Already-established perennial flowers and herbs also need plant food as they begin to emerge at the start of the growing season. Lightly work a granular fertilizer, like Miracle-Gro® Shake ’n Feed® All Purpose Plant Food, into the surface soil around each plant base, being careful not to disturb the roots or new growth, then water thoroughly to release the nutrients into the soil.
Choose Your Feeding Style
When picking a plant food, you’ve got some choices.
- If you prefer to feed instantly and while you water, choose a water-soluble fertilizer like Miracle-Gro® Water Soluble All Purpose Plant Food. Measure and mix it directly into your watering can and pour the solution around the bases of your plants, or use with your hose in a sprayer (like the Miracle-Gro® Garden Feeder) for larger areas.

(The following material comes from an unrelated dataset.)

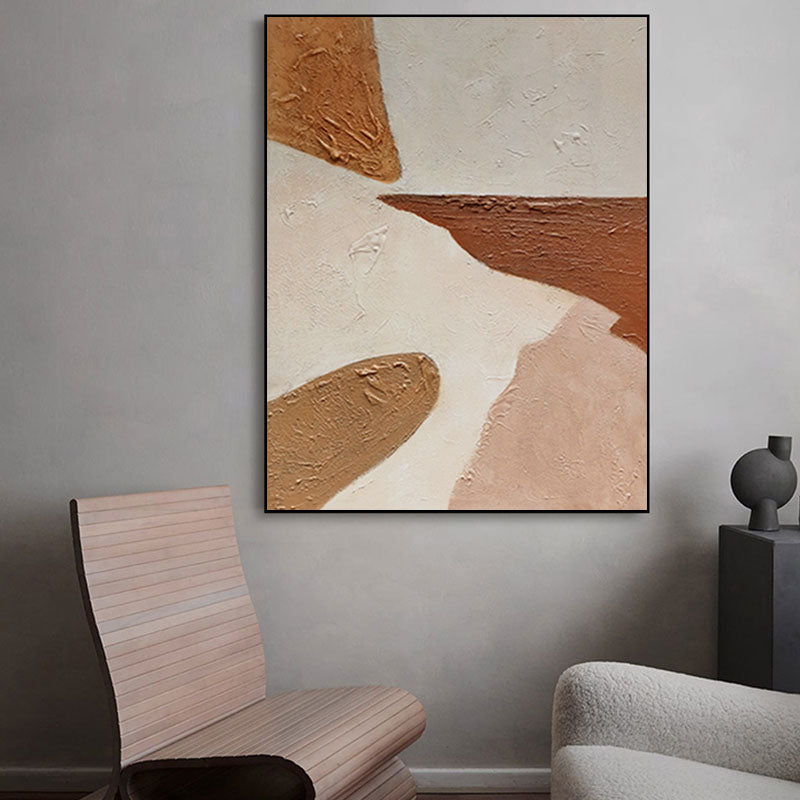 Minimalist Abstract Oil Painting: Brown & White Textured Wabi Sabi Wall Art
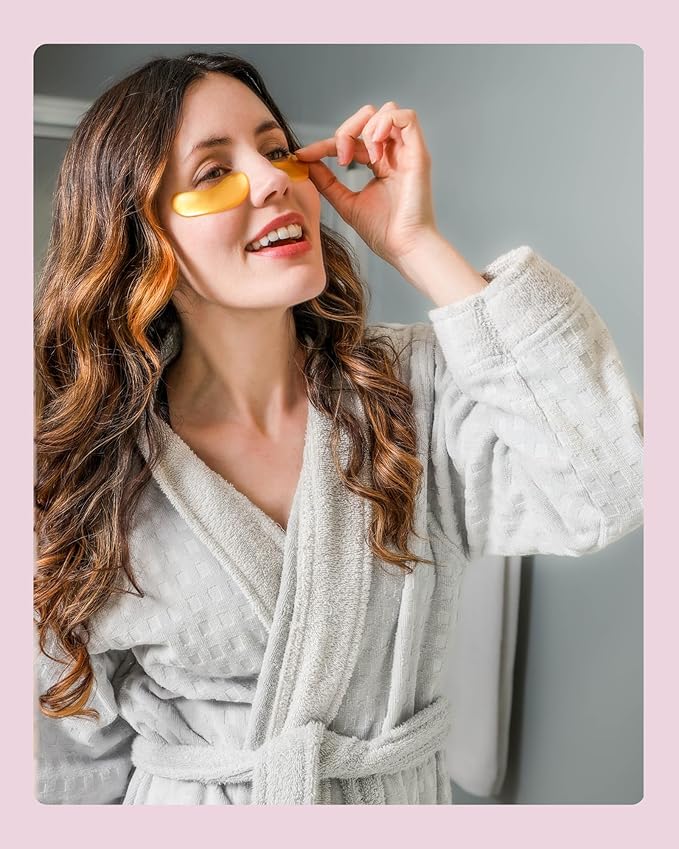 Revitalize Your Skin with 24K Gold Eye Mask - Reduce Puffy Eyes, Dark Circles, Wrinkles, and Fine Lines - 15 Pairs of Refreshing Eye Gels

Plan to feed every 7 to 14 days.
- Choose continuous-release plant granules, like Miracle-Gro® Shake ’n Feed® All Purpose Plant Food, for less frequent feeding. Sprinkle the easy-to-use, dry granules onto the soil surface, gently rake them into the top few inches of soil, then water thoroughly to start the feeding process.
Feed Regularly (Even in Summer)
Plants experience a burst of early growth when they’re first planted. Many plant types also have growth spurts in the early or mid-summer, so it’s important to replenish nutrients throughout the growing season. After all, you’re looking to coax your plants into growing their best and producing the biggest blooms and harvest, right? Annual vegetables and flowers respond especially well to continuous-release feeding that reaches deep down to their roots, promoting bigger, more productive plants.
Consider Plant Food "Flavors"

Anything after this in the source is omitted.